The money has got to come from somewhere.
This article about the tax cuts for the wealthy is proof that Bush's quip about his base - the "Haves and the Have-Mores" is not just a joke.
Bush’s second target, however, may exceed even the mind-boggling $11.6 trillion. The second primary objective is to totally restructure the entire tax code before leaving office. The campaign for the second target kicked off with the release on September 30, 2005 of the final report of Bush’s appointed special Advisory Panel on Tax Reform. Expectations are that the Panel will recommend, and Bush and Congress eventually propose, not only further breaks for the wealthy and corporations but also a scaling back of many of the token tax cuts given to workers and consumers between 2001-04 that were considered politically necessary at the time to ensure passage of tax cuts for the wealthy. In addition, the Panel’s report is expected to launch a fresh, new assault on the few benefits in the federal tax code that working class households have been able to take advantage of for many years—such as home mortgage interest, state and local tax deductions, and deferral of taxes on health insurance premiums.....It is estimated that a full and permanent repeal of the Estate Tax will amount to approximately $1 trillion in lost tax revenue and interest over the next decade, followed by trillions more over subsequent decades.

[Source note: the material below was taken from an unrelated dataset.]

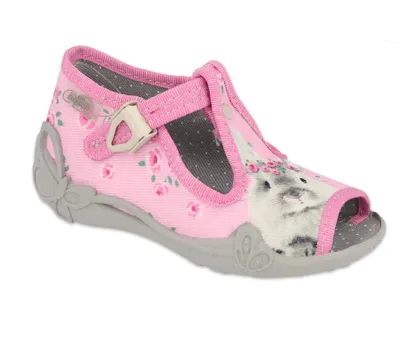 Produktbild von Mädchen Sandalen Hausschuhe Befado 213P130 Rosa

Hurricane Katrina has recently dealt a wild card into the Estate Tax cut game, however. With what looks like $500 billion needed to rebuild the Gulf Coast, it will be difficult (though not impossible) for pro-corporate/pro-wealth interests to pass another $1 trillion tax cut for the wealthiest 1 percent of taxpayers at the same time.
As a contingency, Bush and the pro-wealth interests in Congress have developed a fall back position nearly as generous in the event permanent repeal is not immediately possible. Led by Republican Senator Jon Kyle of Arizona, an alternate proposal on the table in the Senate at present is to raise the Estate Tax’s exemption immediately to $7 million (or higher) and immediately reduce the 45 percent tax rate to a 15 percent rate equal to the tax on capital gains. That would produce a tax cut for the wealthiest 0.3 percent households of more than $700 billion over the coming decade alone, with more to follow. And even that $700 billion is probably an underestimation, since other provisions in the legislation and before the courts at present will render state-level Estate Tax laws that now exist null and void as well.
However the final results are calculated and whatever the details of the final outcome, it is virtually assured that another multi-trillion dollar tax cut for the wealthiest taxpayers is about to pass within the next 12 months.